• _Available data_:

::::::::::

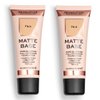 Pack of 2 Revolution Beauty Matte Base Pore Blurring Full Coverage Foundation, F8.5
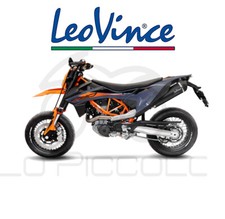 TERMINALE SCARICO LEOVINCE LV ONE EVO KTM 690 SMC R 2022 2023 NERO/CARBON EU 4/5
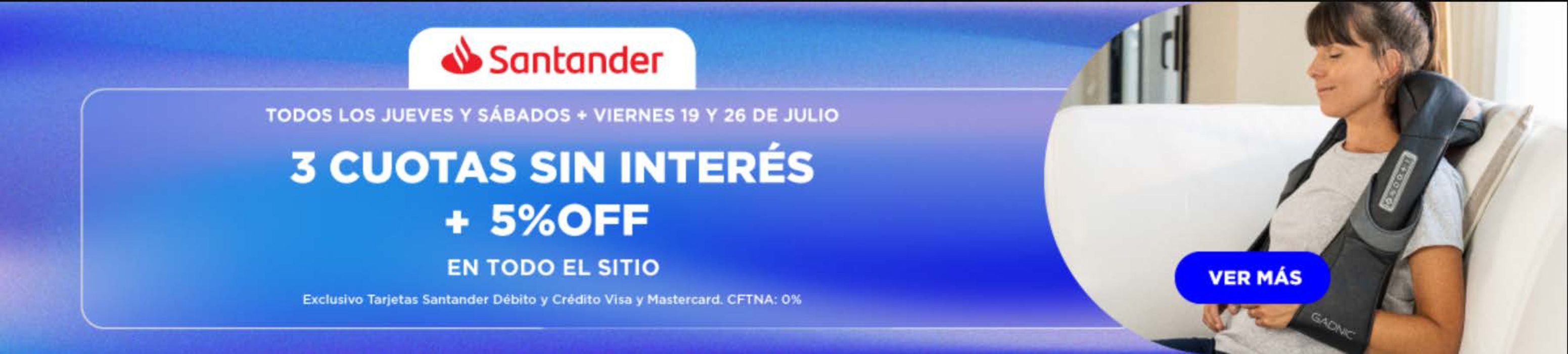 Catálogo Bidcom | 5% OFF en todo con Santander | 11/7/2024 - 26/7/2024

::::::::::

• _Activity_: Images should not appear in the copy; retype the listing above exactly.

• _Response to the exercise_:
 Pack of 2 Revolution Beauty Matte Base Pore Blurring Full Coverage Foundation, F8.5
 TERMINALE SCARICO LEOVINCE LV ONE EVO KTM 690 SMC R 2022 2023 NERO/CARBON EU 4/5
 Catálogo Bidcom | 5% OFF en todo con Santander | 11/7/2024 - 26/7/2024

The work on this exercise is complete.